Threat Intelligence is currently trending in IT-Security. It involves putting data on known malware, vulnerabilities and attack vectors into context to enable a more effective response against threats. Unfortunately, as is often the case in IT security, threat intelligence is usually limited to the infrastructure. Business-critical applications are left out. Take SAP systems as an example.
SAP systems contain the most sensitive data of every company and are therefore worthwhile targets for attackers. The hacker community has recognized this, and attacks on SAP systems are becoming more frequent as well as more professional.
Unfortunately, SAP systems are often excluded from regular security solutions, as is the case when it comes to Threat Intelligence solutions. One of the reasons is the fundamentally different technology used by the software manufacturer from Walldorf, and historically SAP systems have been separated from the rest of the IT – which often means that the security department is not familiar with the specifics of the technology, let alone able to detect attacks.
SAP security is becoming increasingly important
In recent years, this has changed significantly and the importance of securing SAP systems is now widely recognized. It is worth taking a closer look at the term “Threat Intelligence” in this context. In reality, attacks are often orchestrated and prepared long in advance. If you want to use an analogy: Hacker attacks rarely resemble the classic bank robbery, where a masked robber waves a pistol and leaves the bank with a bag full of money after only a few minutes. A more fitting comparison would be a film like “Oceans Eleven”, in which sophisticated preparation precedes the actual clou.
Detect possible attacks from anomalies
In IT systems – and thus also valid for SAP landscapes – this preparation can be recognized by certain hints. If these hints are correlated with other conspicuous activities, a possible attack may be happening. The indications pointing to an attack usually do not cluster, but are rather spread among time and different log files. It is therefore not necessary to be able to evaluate the logs down to the second. More important is a correlation analysis, which detects possible threats spot on.
To be able to carry out such an analysis, two things in particular are necessary: SAP-specific knowledge to be able to detect unusual activities in the first place. Secondly, this data must be collected in the first place.
Continuous monitoring is important
For a comprehensive and seamless monitoring of SAP landscapes, a solution is required that takes over the tasks of continuous monitoring for SAP systems. Thus, all processes within the SAP systems must be continuously monitored in the background to be able to recognize conspicuous processes at any time. These processes must then be correlated with each other. This requires an SAP-specific set of rules that also continuously analyzes user behavior. Furthermore, this information must not only be forwarded to the security department or to a connected SIEM system, but it must also be prepared in such a way that it does not require SAP know-how to immediately recognize possible threats as such.
This is where SAP-specific Threat Intelligence comes into play.
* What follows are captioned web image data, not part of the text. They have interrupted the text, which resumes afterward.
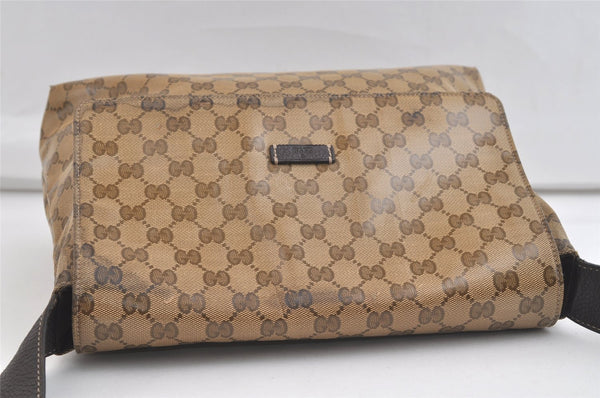 Authentic GUCCI GG Crystal Shoulder Cross Bag GG PVC Leather 272351 Brown 4435K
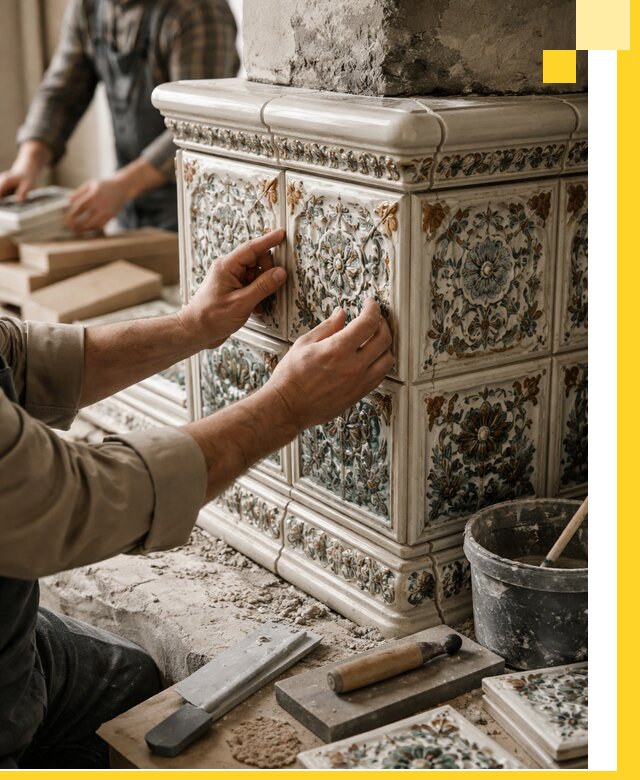 Изразцовые камины под ключ в Лыткарине: проект и монтаж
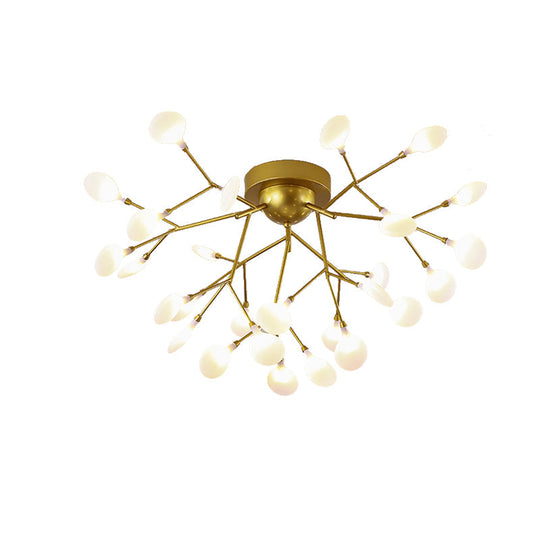 Modern Gold Multi-Head Semi Flush Ceiling Light for Hotels - Creative Plant-Shaped Metal Ceiling Fixture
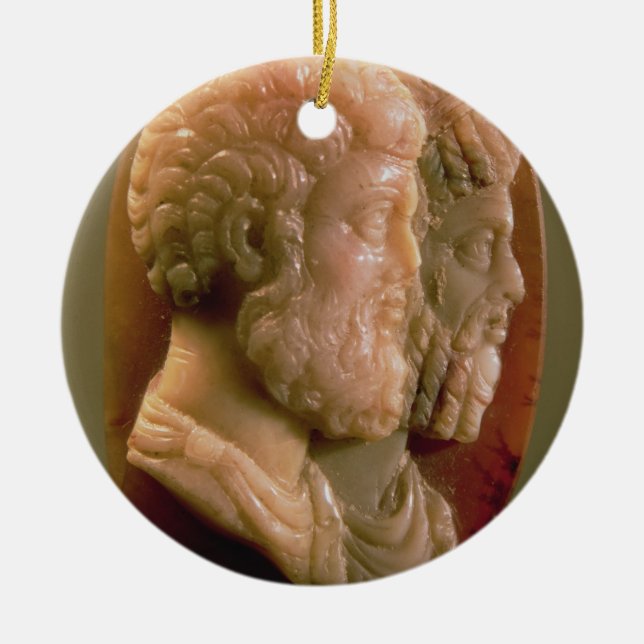 Ornamento De Cerâmica Cameo que descreve Marcus Aurelius (121-180) e (Frente)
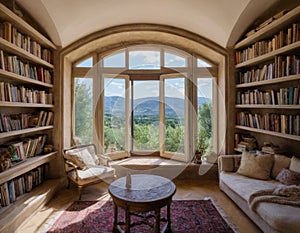 Interior of a library in a country house.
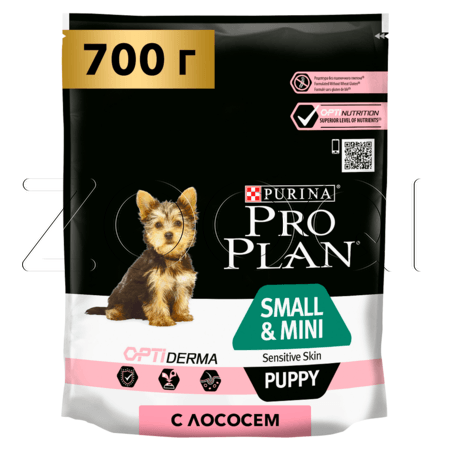 Pro Plan OptiDerma Sensitive Skin Puppy Small & Mini (лосось, рис)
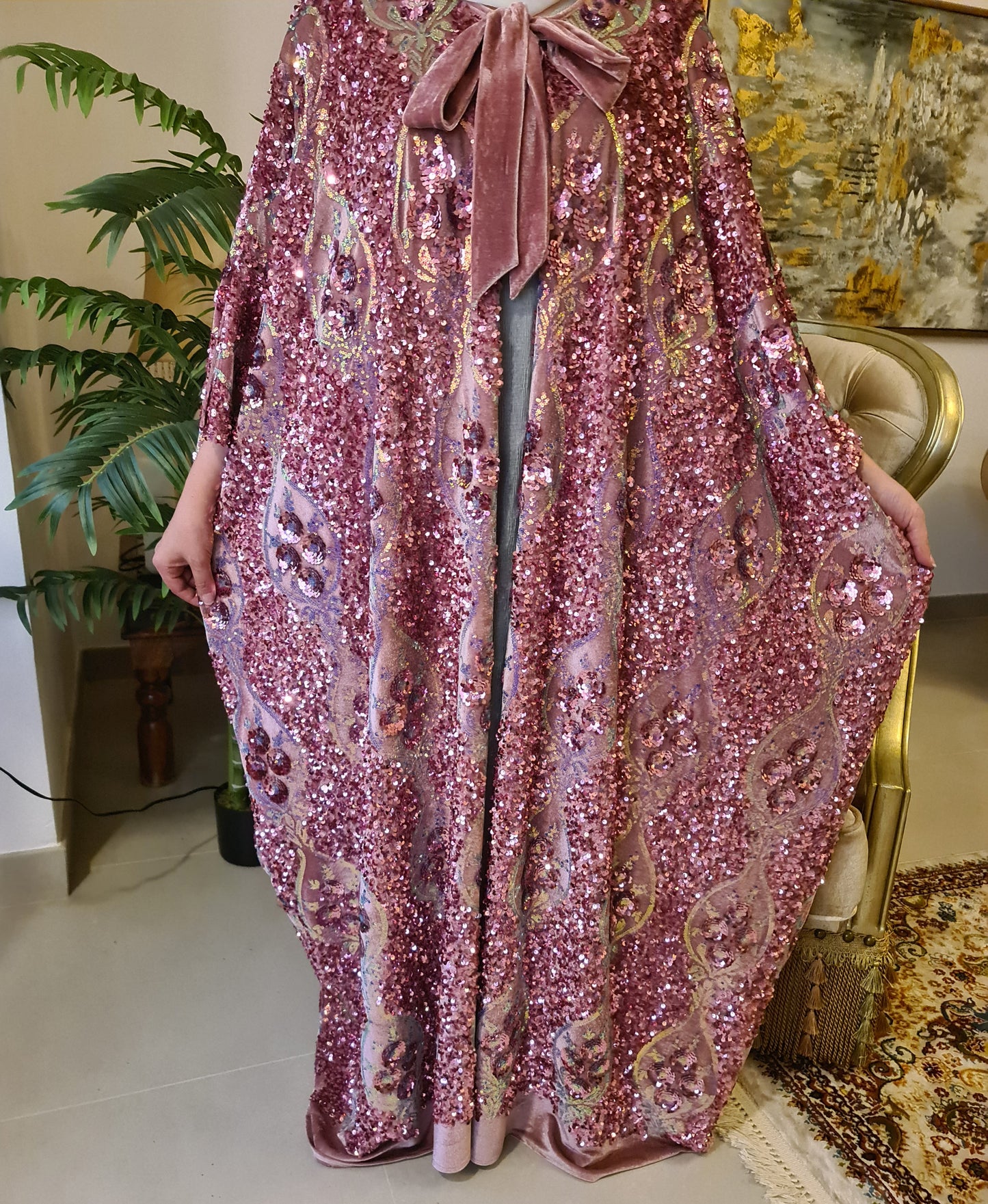 Velvet Sequence Embroidered Bisht – Pink Design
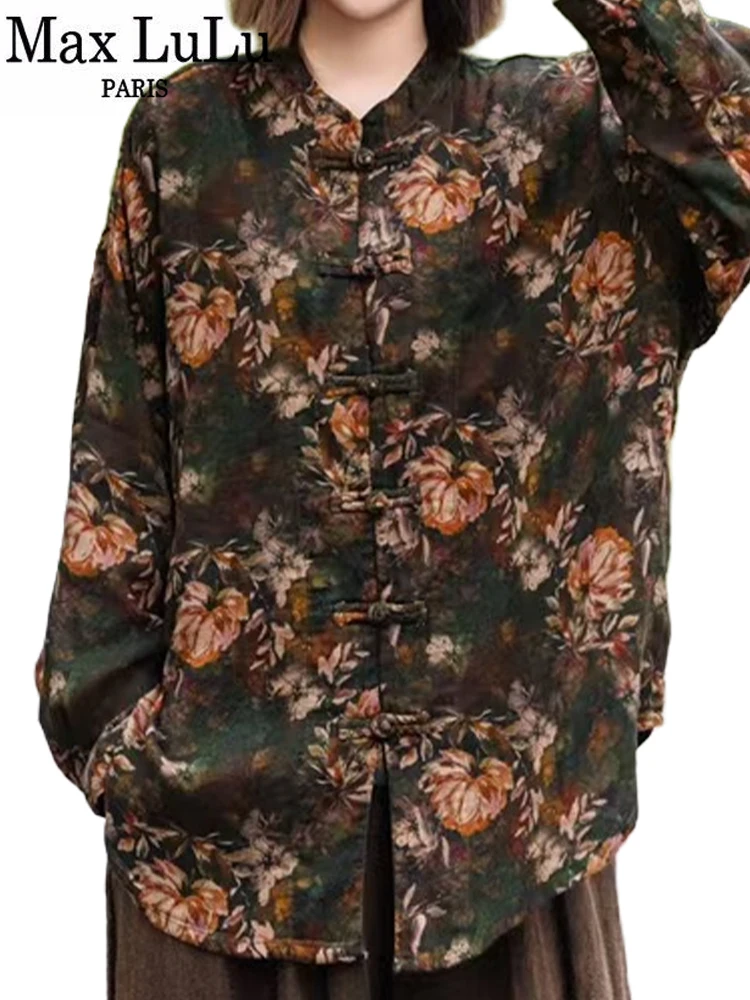 Max LuLu воротник-стойка китайские весенние женские рубашки с принтом модные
SAP systems are extremely complex; most SAP landscapes consist of dozens or even hundreds of individual systems. Accordingly, it is important to know all weak points within the SAP landscape. This includes system parameters, potentially unsecured interfaces or – especially in the SAP area – applications developed by customers themselves. Identifying and securing these potential vulnerabilities is a challenge not only because of the complexity of SAP systems. The settings are also highly dynamic due to ongoing changes to the system.
All SAP areas should be covered
In order to identify the weak points in the above mentioned areas at an early stage, a scanner is required which checks all areas for possible security and compliance problems. Due to the high complexity of even a single SAP system, two things should be given special attention when selecting such a vulnerability management solution: Firstly, an audit should be as comprehensive as possible. The security guidelines of SAP itself as well as the DSAG audit guidelines provide a good starting point. On the other hand, such a scanner should be integrated into the real-time monitoring as seamlessly as possible so that changes to the system can be detected early and forwarded to the responsible parties.
Accordingly, Threat Intelligence in the SAP environment consists of several steps: weak points must first be identified, the systems must be protected by hardening them and continuous monitoring must be able to detect and classify anomalies.
No context, no intelligence
For Threat Intelligence to work in an SAP context, it is crucial that these separate steps are placed in an application-specific context. It is not enough to maintain a database of standardized vulnerabilities in an SAP system. Instead, this data must be correlated with each other, taking into account the approach used by attackers.
When selecting such a solution, two criteria should be in the foreground. For the identification and elimination of vulnerabilities, a comprehensive catalog of checks should be available, based on established standards. For the analysis of activities, in turn, an intelligent correlation solution is more important than a solution that promises an evaluation of log files accurate to the second. In other words, it is smarter to pull out the needle in a haystack with a magnet than to operate a database that examines each blade of grass separately.